Schumacher was skiing “beyond the marked-out zone”, French high mountain gendarmerie officer Stephane Bozon said. “It is tricky for now to say how fast, in kmph, he was skiing, but it was the pace of a good skier on a slope that is not too steep,” he added.

Bozon also ruled out Schumacher’s skis playing a part in the accident, saying: “The skis are not the cause of the accident.”

Quincy added that at the request of Schumacher’s family, he wanted to stop the spread of “false information” regarding the accident.

French police also said they have been able to use a film from the helmet camera Schumacher was wearing to make a reconstruction of the crash, and have interviewed many witnesses and experts.

“We have examined the film in the camera fixed to the helmet of Schumacher. We have yet to transcribe the film image by image to establish the place of the fall, the distance from the piste and the speed,” Quincy said.

Up to 50 investigations like this one are carried out every season, the investigators said, adding that Schumacher’s helmet and skis are being studied. Quincy added he was “dubious” about reports regarding a film captured by a nearby tourist and that he had not seen it.
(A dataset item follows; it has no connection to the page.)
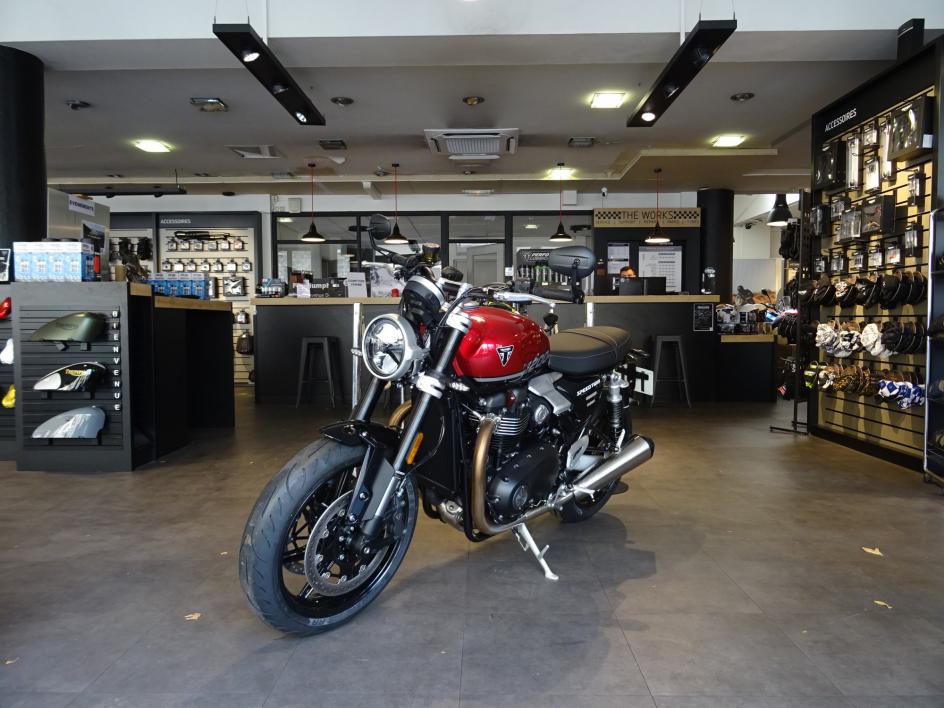 TRIUMPH SPEED TWIN 1200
There had been some speculation that the signs around where Schumacher was skiing may have contributed to the accident, but Quincy said that they signs were “in accordance with the regulations”.

Schumacher’s accident in the French Alps on December 29 left the former Formula One champion in a medically induced coma.

On Tuesday Schumacher’s wife appealed to the media to leave the hospital where her husband remains in a “critical but stable” condition, after having two operations to remove blood clots and reduce swelling.

In a statement, Corinna Schumacher said: “Please support us in our common fight with Michael. It is important to me that you leave the doctors and the hospital so that they can work in peace.

“I ask you to trust their statements and leave the clinic. Please leave our family in peace.”

There has been fevered media scrutiny of Schumacher’s condition, with one journalist even disguising himself as a priest in a bid to gain access to the 45-year-old’s hospital room.

The former racer’s manager, Sabine Kehm, said earlier this week that any further treatment will be kept private, amid conflicting reports and speculation about Schumacher’s condition.

“We would like to clearly stress that any information regarding Michael’s health not coming from the doctors treating him or from his management must be treated as invalid and pure speculation,” Kehm said.